第二十話:生存報告
暫く歩くと、冒険者風の人たちが少しずつ増えてきたのが分かった。この近くにギルドがあるらしい。
歩きながら何となく街路樹を見上げてみる。
葉の色は新緑と表すべき黄緑色だった。海沿いを歩いて来た時はもう少し濃い色だったので、このあたりは少し成長は遅めなのだろうか。昨日は夕日の赤色に染められて気がつけなかった事だが、季節感が合って少し気分が良い。
「タクミ?こっちこっち!」
「行き、過ぎ」
「え?」
斜め後ろから二人の声が聞こえたので振り向く。すると、二人は既にギルドの前で立ち止まっていた。俺は木を見上げながら歩き続けてしまっていたらしい。………二十メートルくらいは歩いていたかもしれないな。
「ごめんごめん。ちょっと木の方に意識奪われてた」
「何で…?まあ良いや。早く入ろう」
カルスの困惑したような視線を避けるようにギルドの中へ。まだあまり人はいないが、受付には何人か人が集まって依頼を受けているようだ。
「じゃあ…二人は、コンビ組む?」
「うん。とりあえず詳しい話をギルドの人から聞いて来ようって思ってるけど」
「もう少し、詳細な、説明」
まあ、俺自身もぼんやりとしか知らないことも多いもんな。
二人を受付の方へと送りだして、一応依頼掲示を確認。【白金牛】に関する理由は、五分ほどで見つかった。王国のギルドほどではないが、ザリーフと比べると少し乱雑な並べ方だ。
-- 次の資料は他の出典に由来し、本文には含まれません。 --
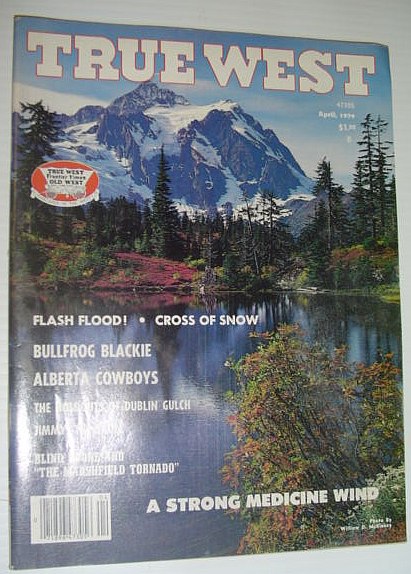 True West Magazine, April 1979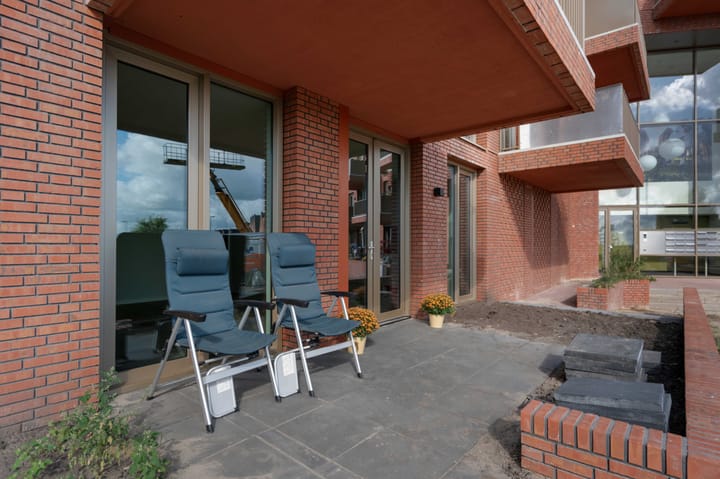 Foto 2 van Vossenburglaan 52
「…でも、とりあえず場所が遠くなったってことはなさそうかな?同じような物も有るし」
【白金牛】というものが何処に住んでいるのかは分からないけれど、まあ牛なのだから、内陸に住んでいる筈だろう。
…さて、相手は中位忌種なんだから、あるていど緊張して行かないと駄目だよな。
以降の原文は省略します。